Material for this exercise
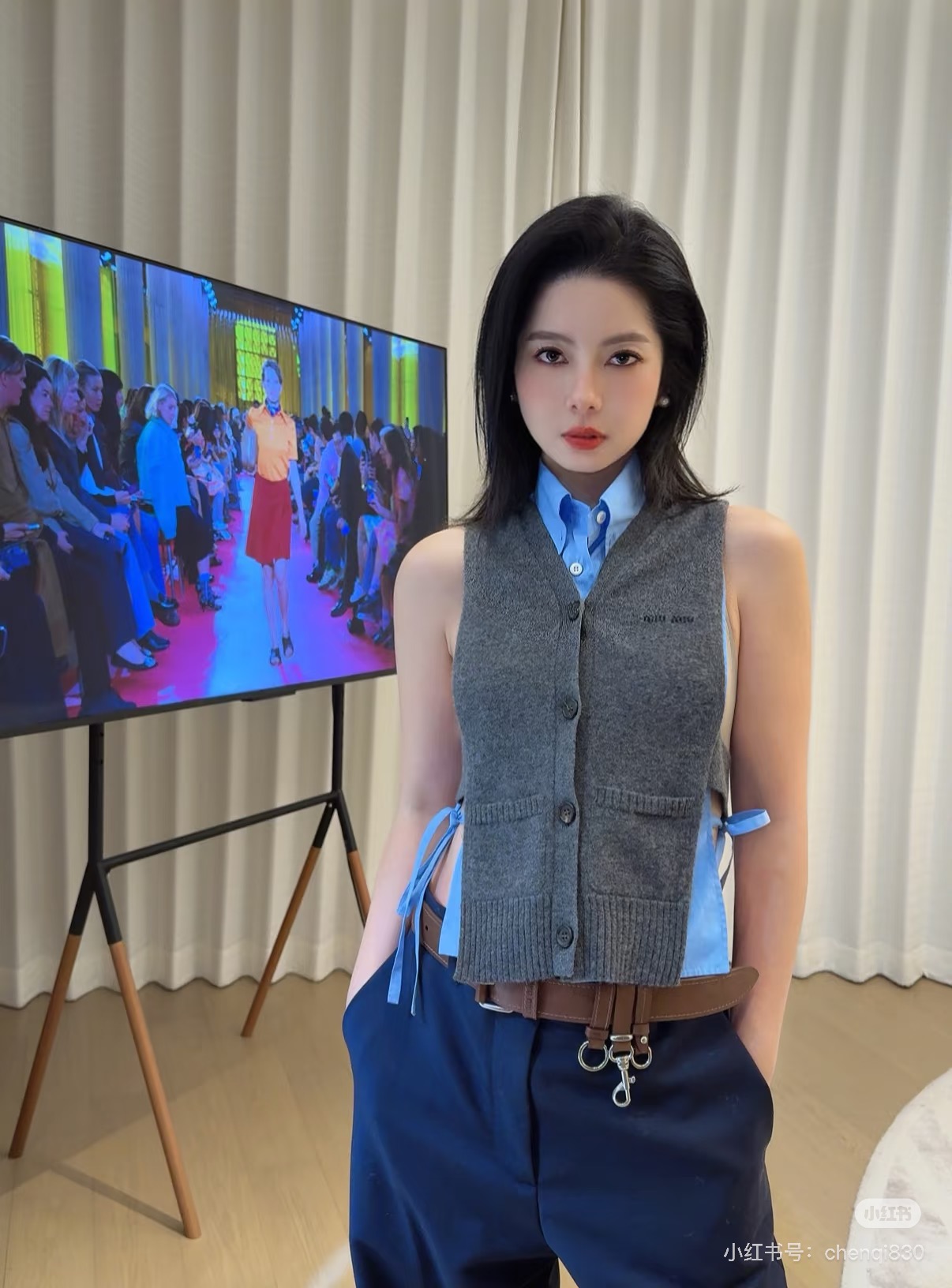 NO:713364,Miumi* 26Ss early spring new style letter embroidered sleeveless strappy vest丨Exclusively developed!  Top quality production!  The sleeveless design unlocks refreshing spring outfits. The delicate wool fabric is soft and breathable, and the low-key letters on the chest highlight the brand recognition. The side straps can be freely adjusted for tightness, making it easy to create a slim waistline. You can create a sweet and cool girly look when paired together. Available now in S/M/L,, miumiu,19860909Miumi* 26Ss早春新款 字母刺绣无袖绑带马甲丨独家开发！顶级高版出品！无袖设计,解锁春日清爽穿搭.细腻羊毛面料柔软透气,胸前低调的字母彰显品牌辨识度,侧边绑带可自由调节松紧,轻松打造修身腰线.做搭配都能演绎出甜酷兼具的少女感.现货发售S/M/L,,miumiu,,Women's clothing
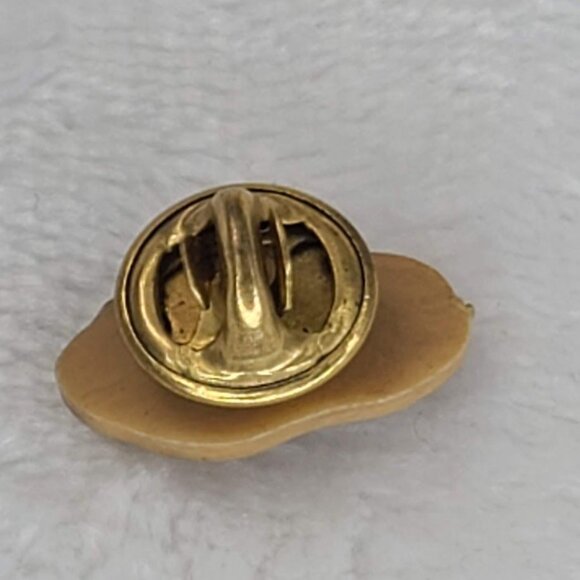 Vintage Maine Potato Lapel Pin Aroostook County Hat Pinback Tie Tack - Picture 2 of 6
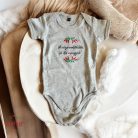 A világ nem tökéletes, de én az vagyok! - hímzett baba body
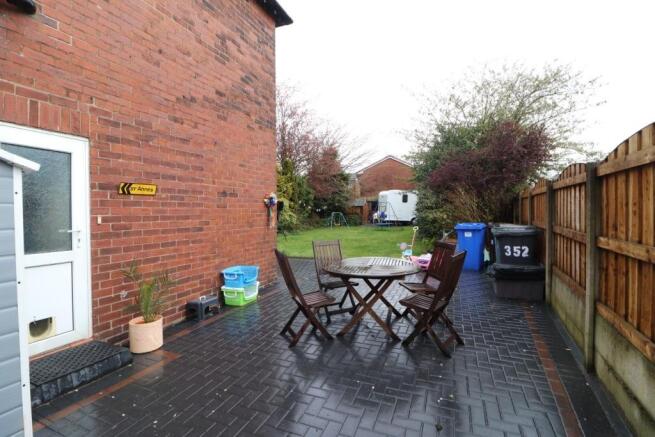 Side patio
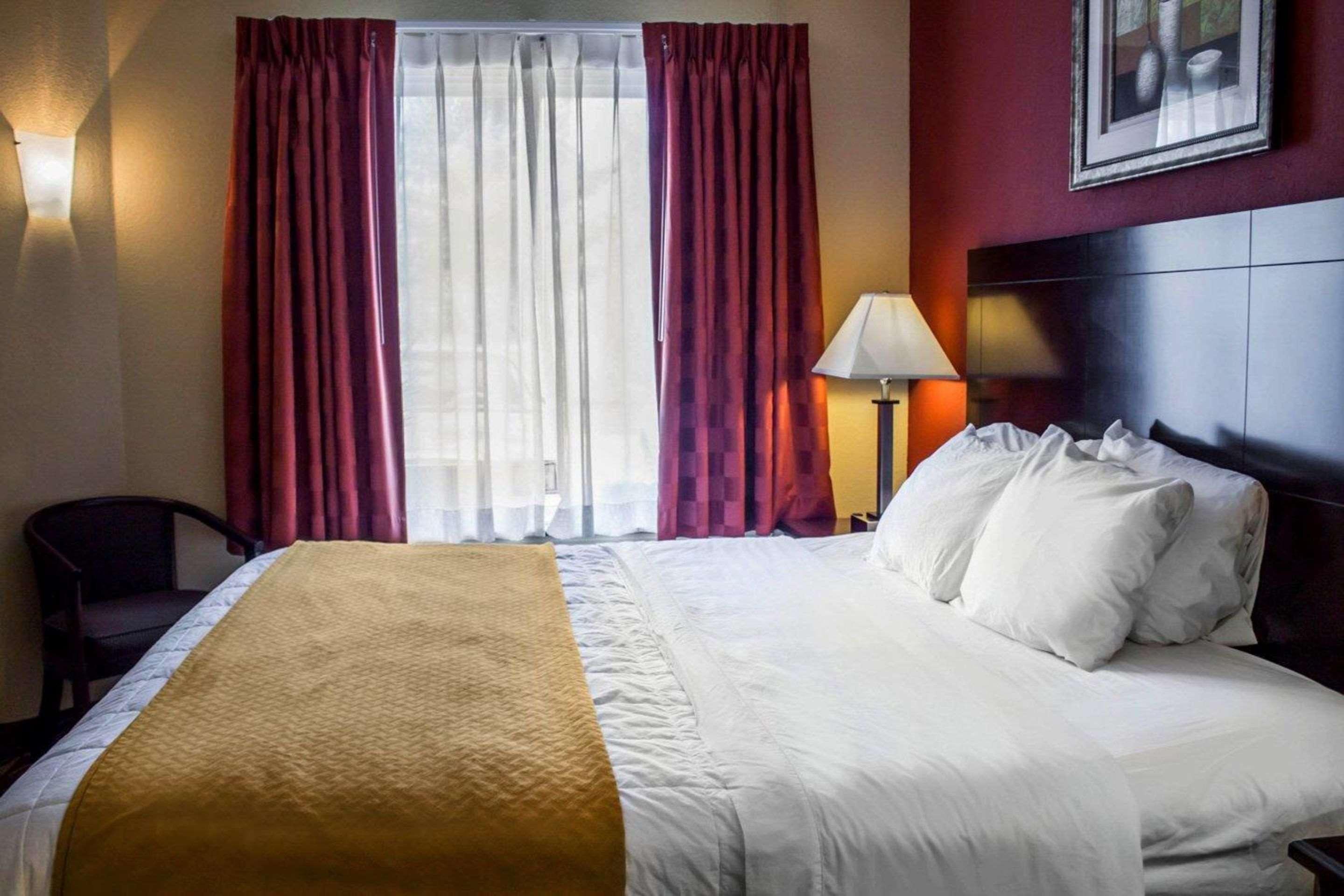 Quality Inn Brunswick Cleveland South Extérieur photo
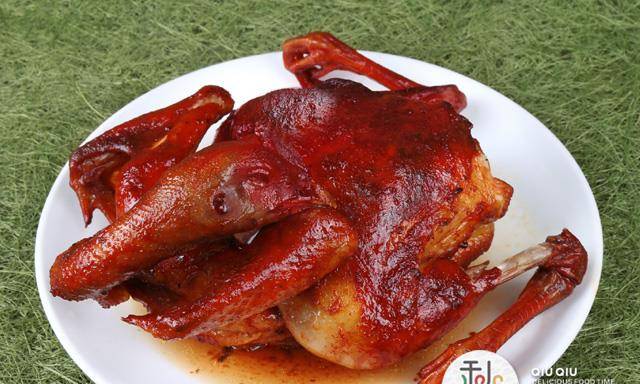 做法|奥尔良烤鸡傻瓜式做法，只需2步不会做饭也能做，味道比卖的好吃
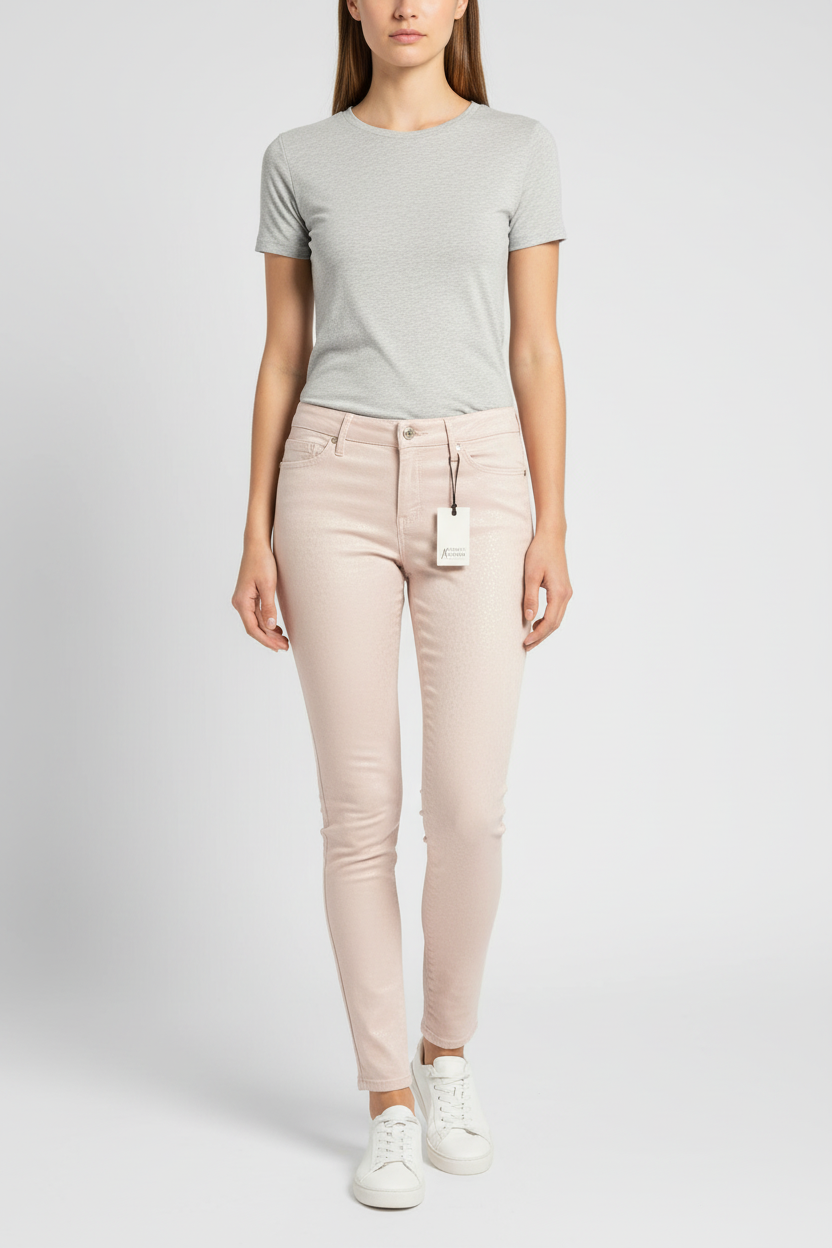 Model draagt Guess Marciano skinny broek - catalogusfoto
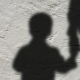 Жительница Курской области предстанет перед судом за истязания 10-летнего пасынка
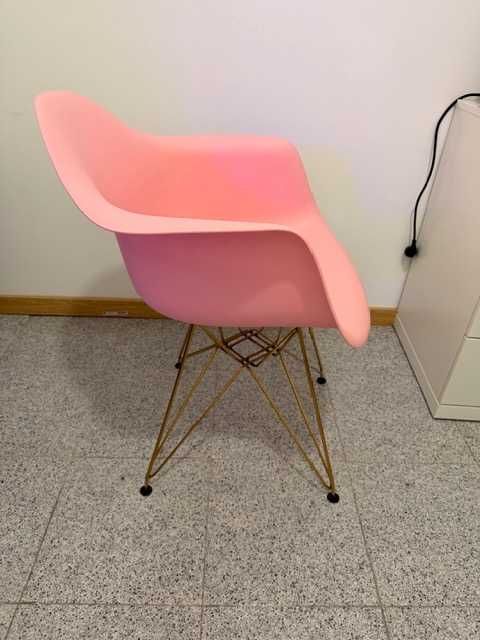 Cadeira com braços Brich Scand Metal - Cor : Algodão Doce, Metal : Dourado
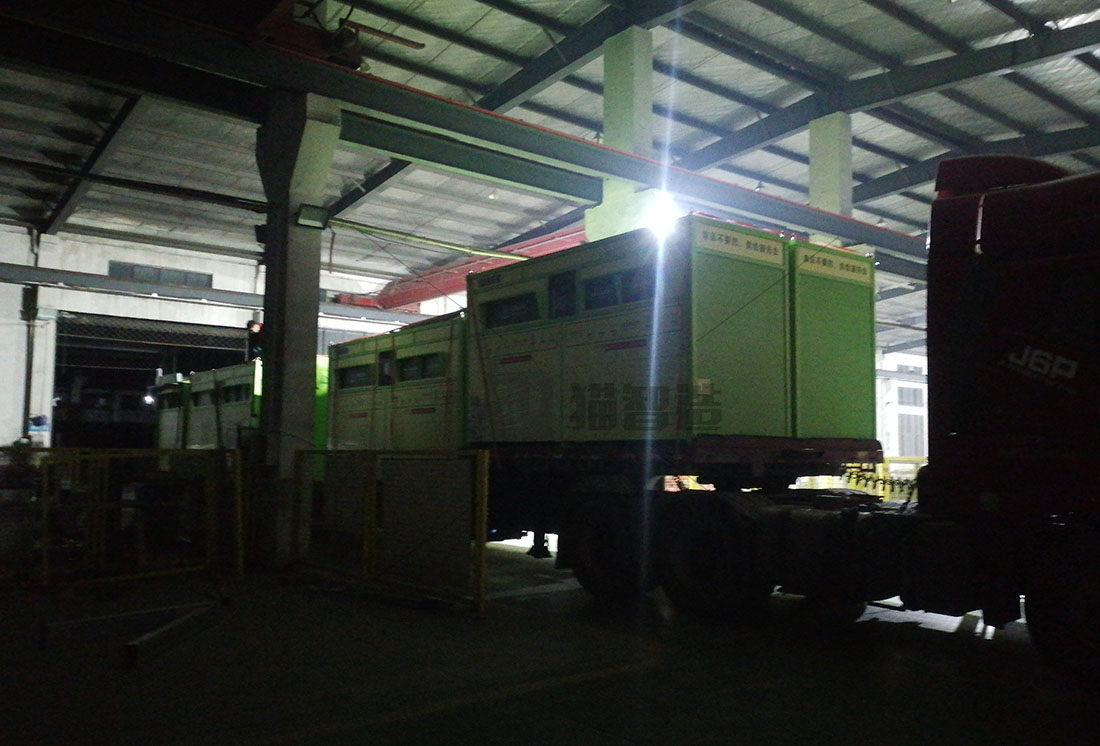 貓先生智能廢品回收箱，再生資源收集柜，小區(qū)垃圾回收站生產(chǎn)廠家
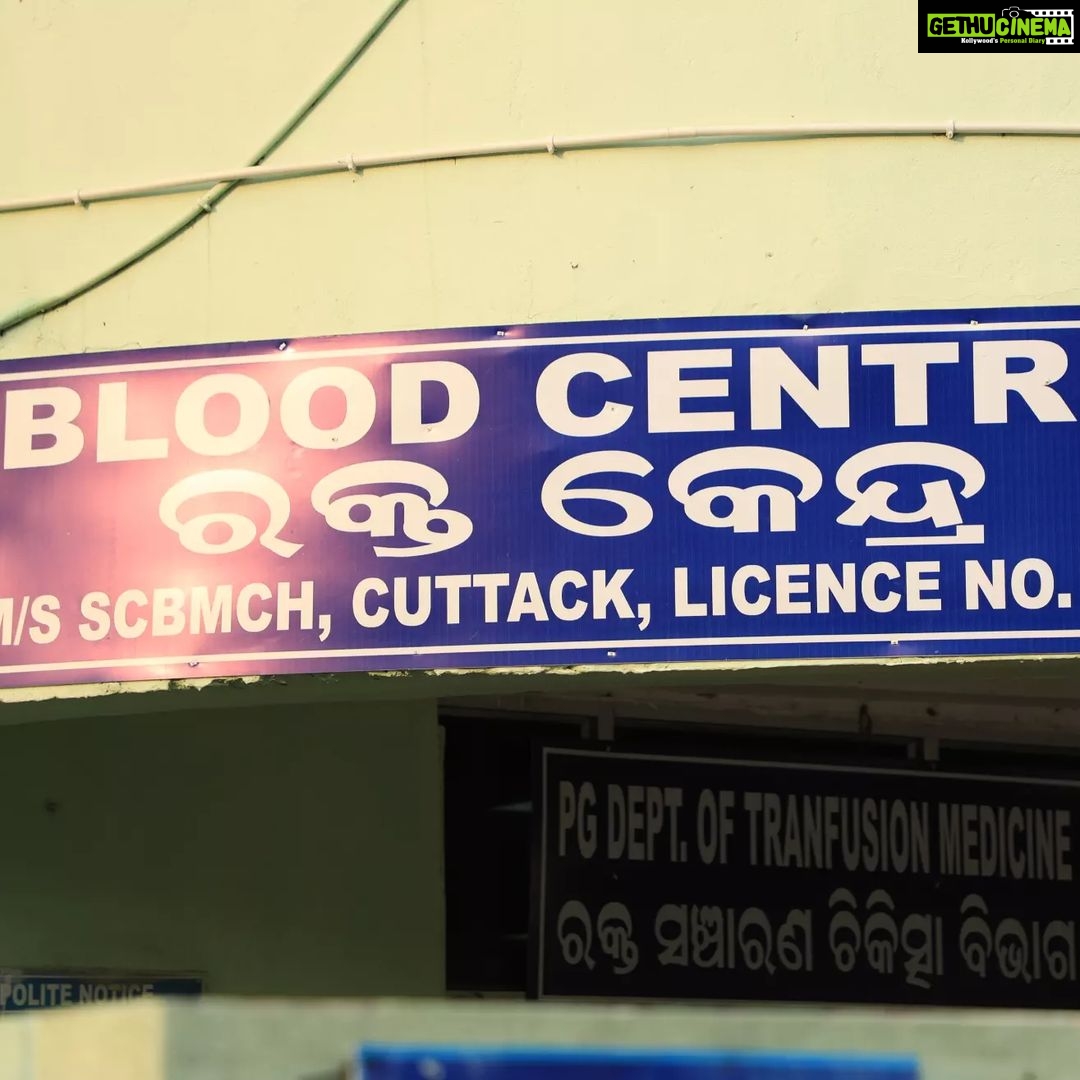 Varsha Priyadarshini Instagram - As there was urgent need of blood for the injured passengers in the Howrah to Chennai Coromandel Express train accident, team Sammanita organised a blood donation camp at Cuttack SCB Medical College and Hospital (BalasoreTrainAccident) Along with this, we lighted Diya at temple for eternal peace of departed souls who lost their lives in the mishap & offered prayers for speedy recovery of injured passengers. In such a tough time, let us all come forward to donate blood & help together for the injured.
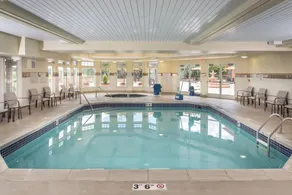 Courtyard by Marriott Portland North - Piscine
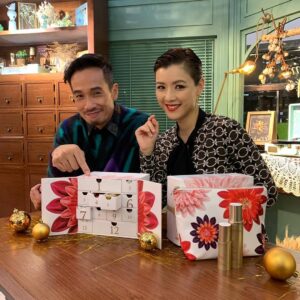 Moses Chan Instagram - 今日同太太一齊出席CLARINS「法式草本館」的開幕亮燈活動,提早感受節日氣氛! 
#ClarinsHerbarium #XmasGift #AdventCalendar #ClarinsHK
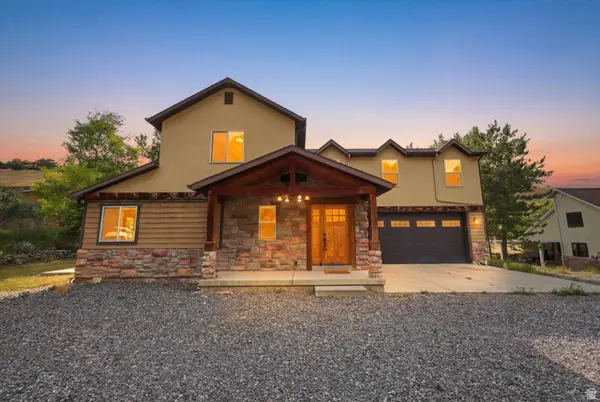 87 N Loafer Canyon Rd, Elk Ridge, UT 84651
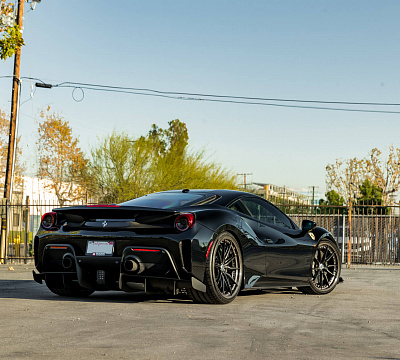 Фото дисков HRE S104SC на Ferrari 488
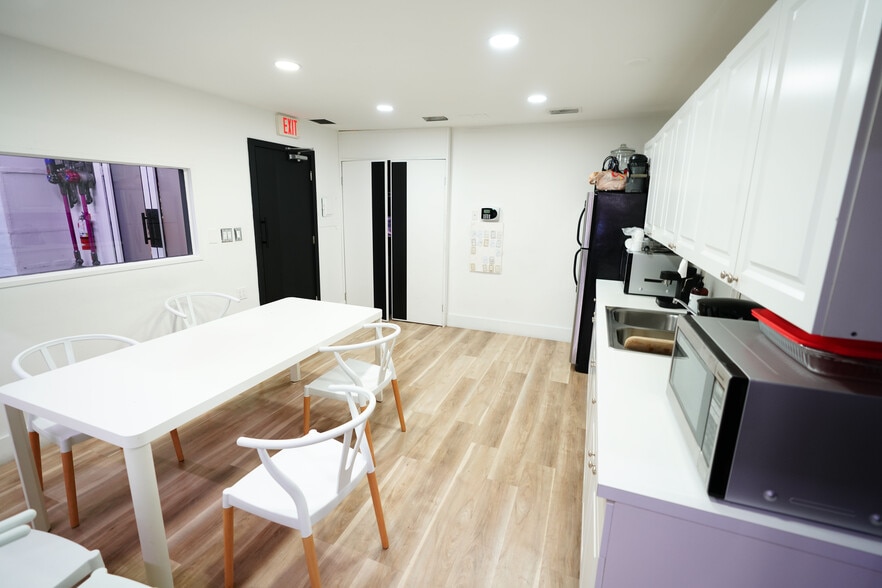 667 NW 29th St, Miami, FL for lease - Interior Photo - Image 2 of 28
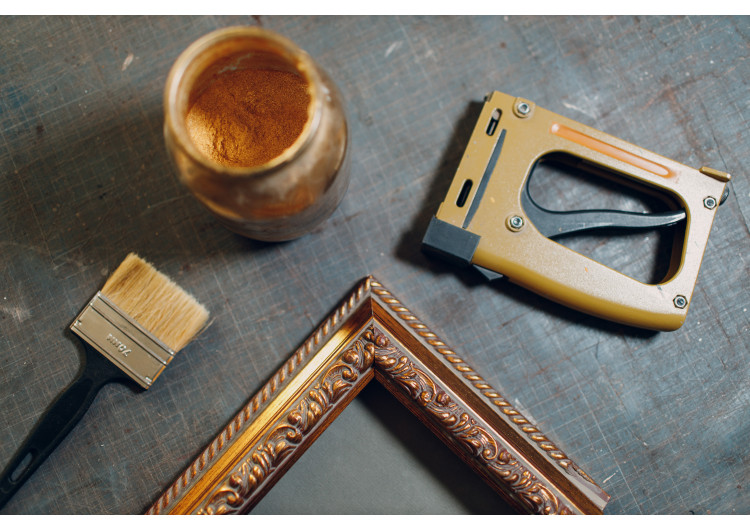 Cómo medir un cuadro para enmarcarlo correctamente: guía paso a paso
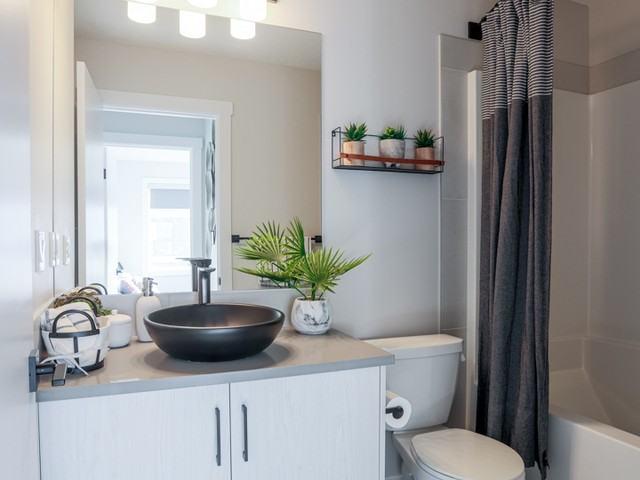 Sage Pointe Townhomes 3 Bedroom Home for Rent at 20 Sage Meadows Landng Nw, Calgary, AB T3P 2C3 Sage Hill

How to complete this task
Repeat exactly, please: transcribe each entry and leave out the pictures.

Reply to the task
 NO:713364,Miumi* 26Ss early spring new style letter embroidered sleeveless strappy vest丨Exclusively developed!  Top quality production!  The sleeveless design unlocks refreshing spring outfits. The delicate wool fabric is soft and breathable, and the low-key letters on the chest highlight the brand recognition. The side straps can be freely adjusted for tightness, making it easy to create a slim waistline. You can create a sweet and cool girly look when paired together. Available now in S/M/L,, miumiu,19860909Miumi* 26Ss早春新款 字母刺绣无袖绑带马甲丨独家开发！顶级高版出品！无袖设计,解锁春日清爽穿搭.细腻羊毛面料柔软透气,胸前低调的字母彰显品牌辨识度,侧边绑带可自由调节松紧,轻松打造修身腰线.做搭配都能演绎出甜酷兼具的少女感.现货发售S/M/L,,miumiu,,Women's clothing
 Vintage Maine Potato Lapel Pin Aroostook County Hat Pinback Tie Tack - Picture 2 of 6
 A világ nem tökéletes, de én az vagyok! - hímzett baba body
 Side patio
 Quality Inn Brunswick Cleveland South Extérieur photo
 做法|奥尔良烤鸡傻瓜式做法，只需2步不会做饭也能做，味道比卖的好吃
 Model draagt Guess Marciano skinny broek - catalogusfoto
 Жительница Курской области предстанет перед судом за истязания 10-летнего пасынка
 Cadeira com braços Brich Scand Metal - Cor : Algodão Doce, Metal : Dourado
 貓先生智能廢品回收箱，再生資源收集柜，小區(qū)垃圾回收站生產(chǎn)廠家
 Varsha Priyadarshini Instagram - As there was urgent need of blood for the injured passengers in the Howrah to Chennai Coromandel Express train accident, team Sammanita organised a blood donation camp at Cuttack SCB Medical College and Hospital (BalasoreTrainAccident) Along with this, we lighted Diya at temple for eternal peace of departed souls who lost their lives in the mishap & offered prayers for speedy recovery of injured passengers. In such a tough time, let us all come forward to donate blood & help together for the injured.
 Courtyard by Marriott Portland North - Piscine
 Moses Chan Instagram - 今日同太太一齊出席CLARINS「法式草本館」的開幕亮燈活動,提早感受節日氣氛! 
#ClarinsHerbarium #XmasGift #AdventCalendar #ClarinsHK
 87 N Loafer Canyon Rd, Elk Ridge, UT 84651
 Фото дисков HRE S104SC на Ferrari 488
 667 NW 29th St, Miami, FL for lease - Interior Photo - Image 2 of 28
 Cómo medir un cuadro para enmarcarlo correctamente: guía paso a paso
 Sage Pointe Townhomes 3 Bedroom Home for Rent at 20 Sage Meadows Landng Nw, Calgary, AB T3P 2C3 Sage Hill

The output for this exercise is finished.